LandBridge Reports Robust Q3 2025 Earnings, Confirms Full‑Year Guidance

LB
November 13, 2025

LandBridge reported third‑quarter 2025 revenue of $50.8 million, a 78% year‑over‑year increase from $28.5 million in Q3 2024, and adjusted EBITDA of $44.9 million, preserving an 88% margin that matches the prior year’s high‑margin performance. The company also declared a quarterly cash dividend of $0.10 per share, payable December 18, 2025, and generated free cash flow of $33.7 million, underscoring its strong cash‑generation capability.

The revenue surge was driven by a 118% jump in resource sales and royalties, a 2% rise in surface‑use royalties, and a 22% increase in oil and gas royalties. The new Wolf Bone Ranch contributed significantly to water sales and royalty volumes, while the company’s expanding surface acreage continues to feed higher resource output.

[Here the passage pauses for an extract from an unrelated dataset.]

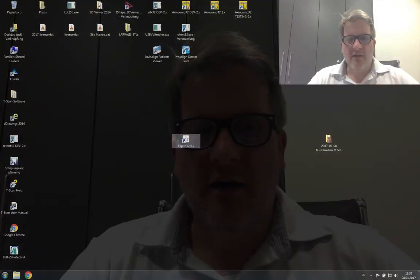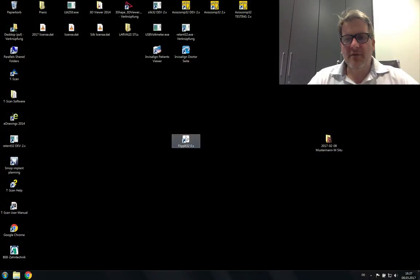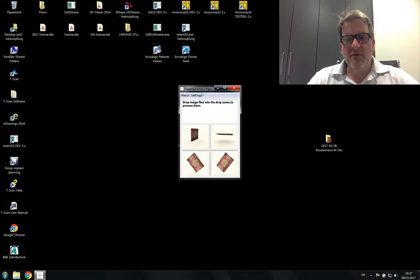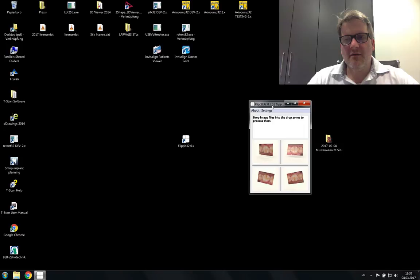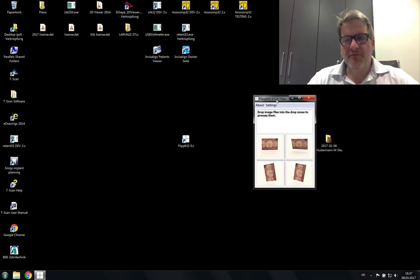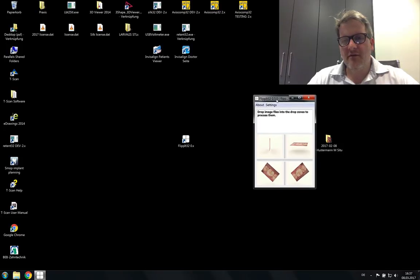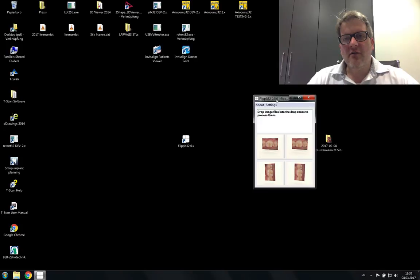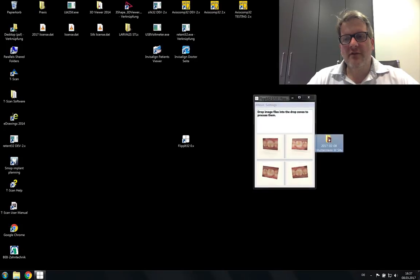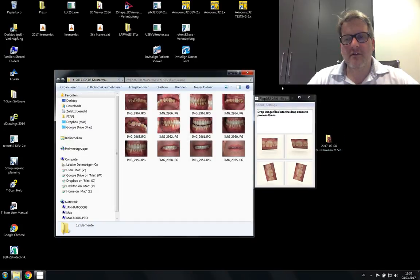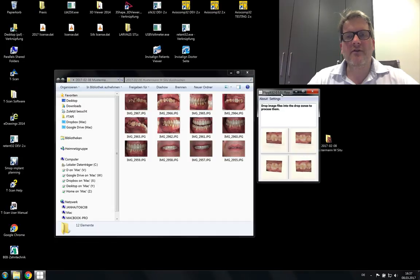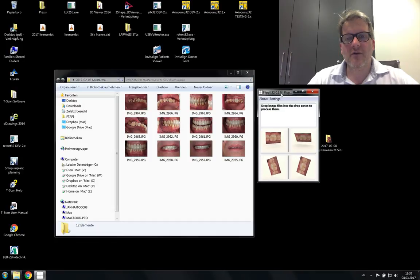So to solve this problem I have created a small application. You see it here on the desktop. I call it FlipIt. And when you open it up you see what it does. You can mirror an image horizontally or vertically and also rotate or un-rotate it in both directions clockwise and counterclockwise.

These segment gains offset modest pressure in legacy water‑sale volumes, keeping the overall mix favorable.

LandBridge’s earnings per share for the quarter were $0.3773, beating the consensus estimate of $0.3325 by $0.045 or 13.5%. The beat reflects disciplined cost control and a favorable mix shift toward higher‑margin resource sales, while the company’s prior‑quarter EPS of $0.3125 shows a clear upward trajectory. The strong EPS performance also helped mitigate investor concerns about a 7.97% after‑hours decline in the stock price, which analysts attributed to “softer earnings expectations” noted in pre‑earnings reports.

Management reaffirmed the fiscal‑year 2025 adjusted EBITDA guidance of $165–$175 million, unchanged from the prior guidance issued in Q2. The steady outlook signals confidence in continued expansion of surface acreage and the ramp‑up of high‑margin produced water volumes. The company also highlighted its recent acquisition of 37,500 acres in Texas, which is expected to diversify revenue streams and increase total holdings to over 300,000 surface acres.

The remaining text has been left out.